The curvature is $\kappa=1$

The tangential component of acceleration is $a_{\boldsymbol{T}}=0$

The normal component of acceleration is $a_{\boldsymbol{N}}=1 (2)^2=4$

Step-by-step explanation:

To find the curvature of the path we are going to use this formula:

$\kappa=\frac{||d\boldsymbol{T}/dt||}{ds/dt}$

where

$\boldsymbol{T}}$ is the unit tangent vector.

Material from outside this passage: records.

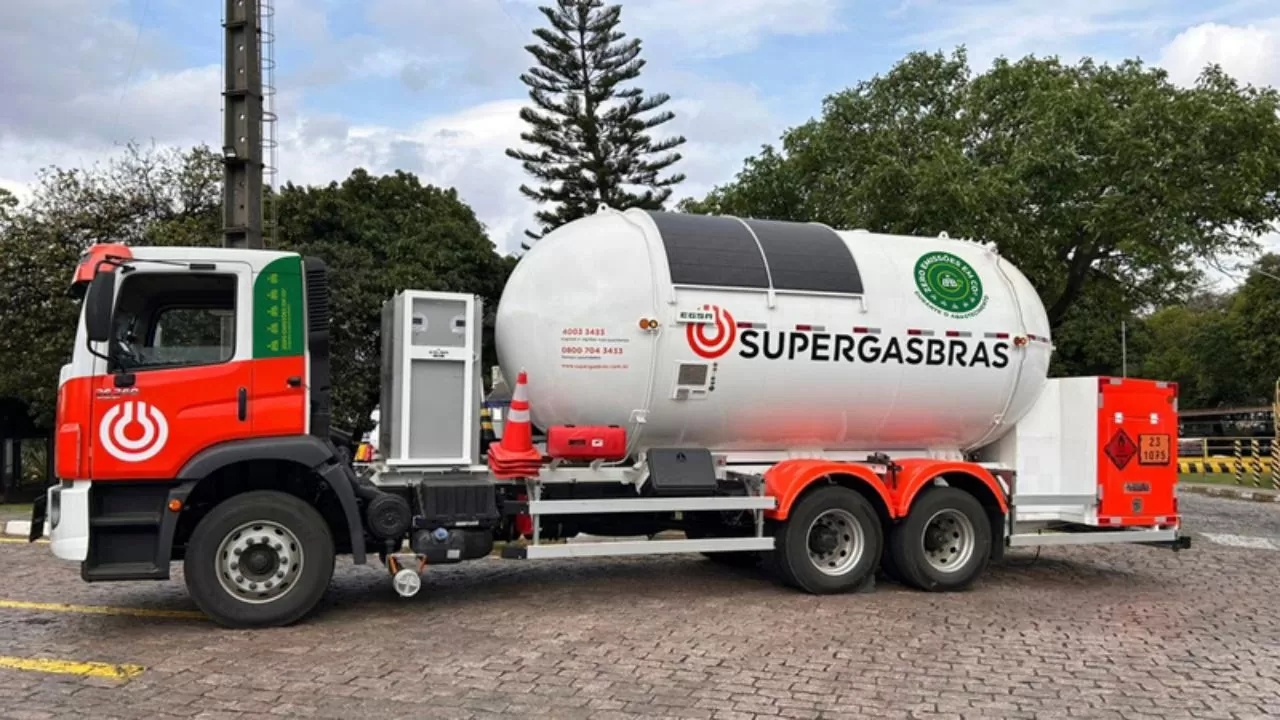 Projeto-piloto da Supergasbras utiliza energia solar em caminhões de GLP para operar bombas sem diesel, reduzir emissões e ampliar eficiência energética no transporte.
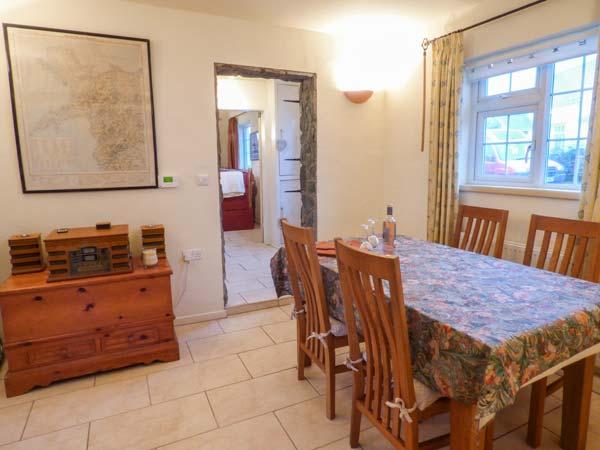 Ty Woods Cottage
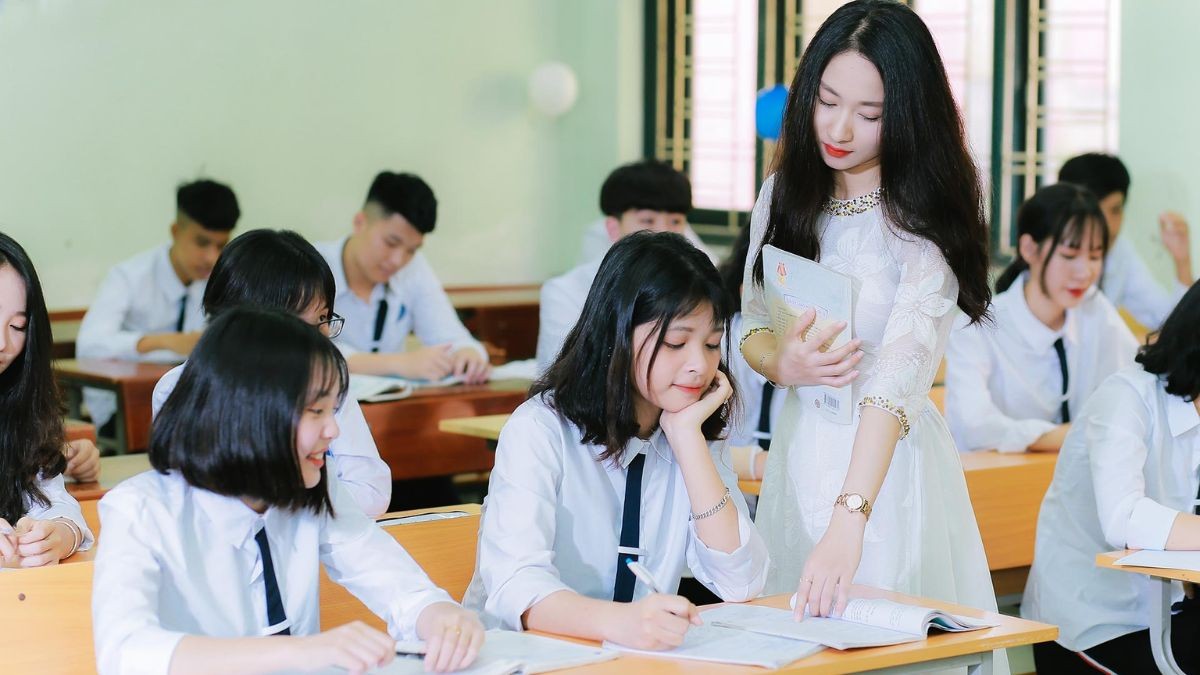Thơ về nghề giáo ngắn 4 câu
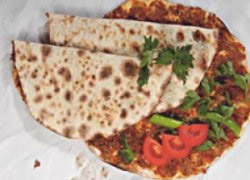 Lahmacunu Ermeni pizzası diye tanıtmışlar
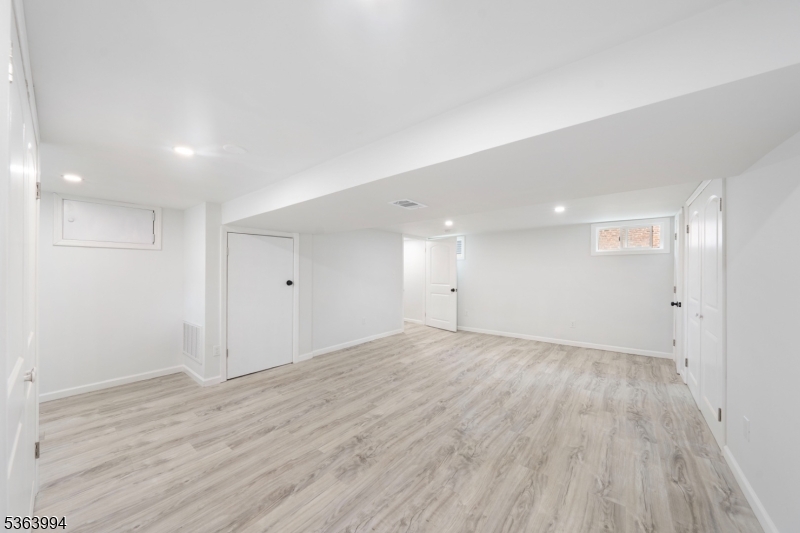 11 Raymond Ave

$\frac{ds}{dt}=|| \boldsymbol{r}'(t)}||$ is the speed of the object

We need to find $\boldsymbol{r}'(t)$ , we know that $\boldsymbol{r}(t)=cos \:2t \:\boldsymbol{i}+sin \:2t \:\boldsymbol{j}+ \:\boldsymbol{k}$ so

$\boldsymbol{r}'(t)=\frac{d}{dt}\left(cos\left(2t\right)\right)\:\boldsymbol{i}+\frac{d}{dt}\left(sin\left(2t\right)\right)\:\boldsymbol{j}+\frac{d}{dt}\left(1)\right\:\boldsymbol{k}\\\boldsymbol{r}'(t)=-2\sin \left(2t\right)\boldsymbol{i}+2\cos \left(2t\right)\boldsymbol{j}$

Next , we find the magnitude of derivative of the position vector

$|| \boldsymbol{r}'(t)}||=\sqrt{(-2\sin \left(2t\right))^2+(2\cos \left(2t\right))^2} \\|| \boldsymbol{r}'(t)}||=\sqrt{2^2\sin ^2\left(2t\right)+2^2\cos ^2\left(2t\right)}\\|| \boldsymbol{r}'(t)}||=\sqrt{4\left(\sin ^2\left(2t\right)+\cos ^2\left(2t\right)\right)}\\|| \boldsymbol{r}'(t)}||=\sqrt{4}\sqrt{\sin ^2\left(2t\right)+\cos ^2\left(2t\right)}\\\\\mathrm{Use\:the\:following\:identity}:\quad \cos ^2\left(x\right)+\sin ^2\left(x\right)=1\\\\|| \boldsymbol{r}'(t)}||=2\sqrt{1}=2$

The unit tangent vector is defined by

$\boldsymbol{T}}=\frac{\boldsymbol{r}'(t)}{||\boldsymbol{r}'(t)||}$

$\boldsymbol{T}}=\frac{-2\sin \left(2t\right)\boldsymbol{i}+2\cos \left(2t\right)\boldsymbol{j}}{2} =\sin \left(2t\right)+\cos \left(2t\right)$

We need to find the derivative of unit tangent vector

$\boldsymbol{T}'=\frac{d}{dt}(\sin \left(2t\right)\boldsymbol{i}+\cos \left(2t\right)\boldsymbol{j}) \\\boldsymbol{T}'=-2\cdot(\sin \left(2t\right)\boldsymbol{i}+\cos \left(2t\right)\boldsymbol{j})$